# JOGL mit Eclipse



## Network (10. Dez 2012)

Hi,

ich versuche im Moment JOGL als Library in Eclipse einzubinden. Die Tutorials im Internet sind aber entweder veraltet oder (wie die Offizielle) relativ kompliziert.
Im Grunde sagen die Tutorials:
- Füge die Jars zur Bibliothek hinzu
Schön aber wenn die Tutorials von vieleicht 5 Dateien reden, während das gedownloadete Archiv 292 Dateien beinhaltet.

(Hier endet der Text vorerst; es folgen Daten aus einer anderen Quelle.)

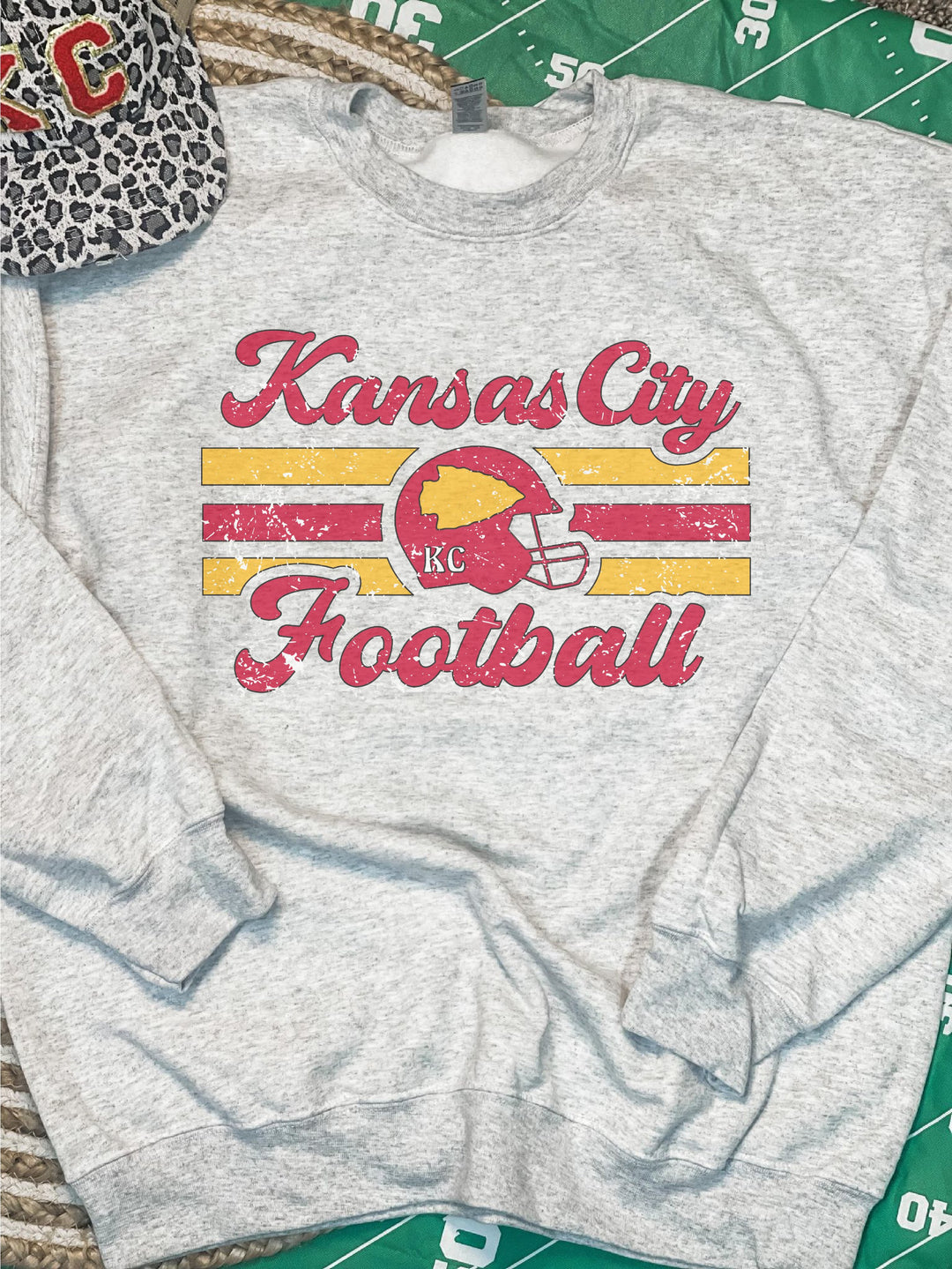 Kansas City Football Helmet Ash Sweatshirt - Wholesale - The Red Rival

Gibt es welche die Erfahrung haben JOGL einzubinden?

Vielen Dank
Gruß
Network


----------



## Marco13 (10. Dez 2012)

Ja, JOGL ist/war da etwas eigenwillig... bei den neueren reicht
jogl-all.jar
gluegen-rt.jar
jogl-all-natives-PASSEND.jar
gluegen-rt-natives-PASSEND.jar
wobei PASSEND sich auf's OS bezieht (ggf. reichen auch "kleinere", aber damit sollte es erstmal startbar werden)


----------



## Network (12. Dez 2012)

Vielen Dank, jetzt machen die Dateinamen auch plötzlich Sinn 

Gruß
Network


----------